Friday, February 5, 2010

SKULLFLOWER/LIMEPIT "SPLIT" (Posh Isolation)

I'm very wary of Skullflower on vinyl. While i hold Matthew Bower in the highest regard and consider his output to be near perfection incarnate, i can't help shake the feeling that on the vinyl format he's taking us all for a bit of a ride. Skullflower, especially present-day Skullflower, is all about the long play, the stretch toward the infinite, with songs that seem cut out of an endless body of guitar wail. The time limitations of the LP make Skullflower's aesthetic problematic and for that reason every piece of wax i have from them feels trunctuated. This side is no different. Two songs appear here, one of which, "Serene and Terrible Noontide Abyss", made its debut on a previous album, the live exposition "Walpurgis Night." This studio version lends little improvement and i find it impossible that Bower, who seems to record all day every day, couldn't muster up a new track for this split. So one strike there, and yes, it does pain me to issue a strike against Skullflower. The new track, "Necklace of Kalas", is 15 minutes of near joyful ecstatic amplifier skree, a reach for the light and probably one of the most honestly optimistic pieces i've heard from Bower since the last Sunroof! album. It's all high end glissando and heavenly choir-esque deviation, a ritual rather than requiem. This is an excellent track.
Limepit, a project devoted to sludge noise torture and comprised of members of Sarah's Charity (a guitar destruction unit that released an album on Bower's Heavy Blossom imprint) contribute two unholy tracks to the flipside. It's almost unbelievable but the Limepit tracks outshine the Skullflower one in every regard.

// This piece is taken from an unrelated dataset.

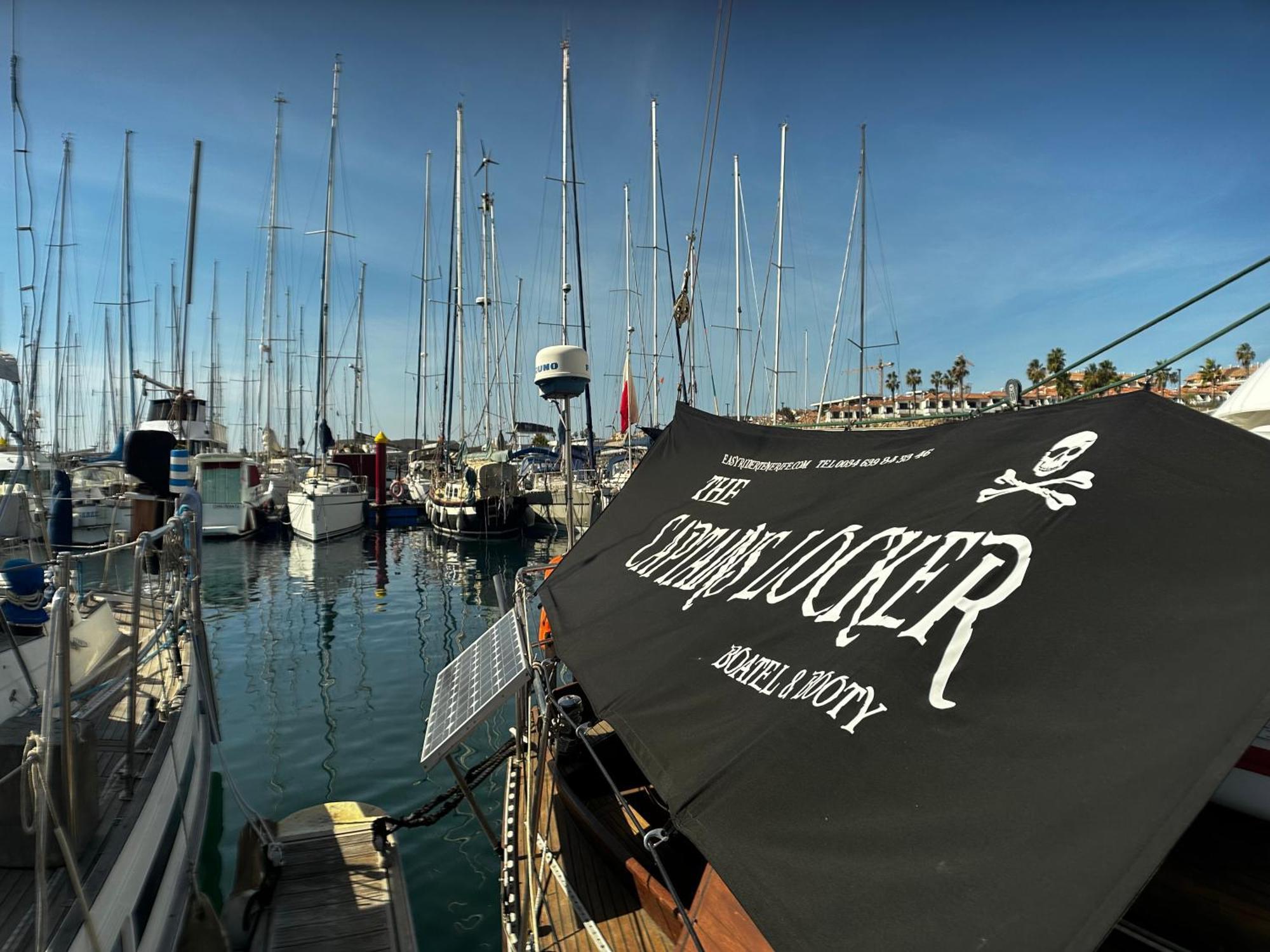 The Captains Locker - 30Ft Yacht San Miguel de Abona Buitenkant foto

This is terribly hateful music, drenched in depression and anger and regret, a liturgy and a confession both, the disgust reaching an almost Whitehouse level of misanthropy. This is total waste, the sound of nihilism rendered into belches of pungent amplifier puke and feedback-laden string torture. Thick and droning, like Earth's worst nightmares brought to vivid unflinching reality. This isn't safe music. Ultra-distorted hyper processed vocals shriek over everything, screaming lyrics that remind me very much of Prurient's vague isolationistic approach to loneliness. The whole thing is a scream, a cry, an expression of pain and hopelessness. At the sum this is an incredible pairing of two explorers of utter emptiness.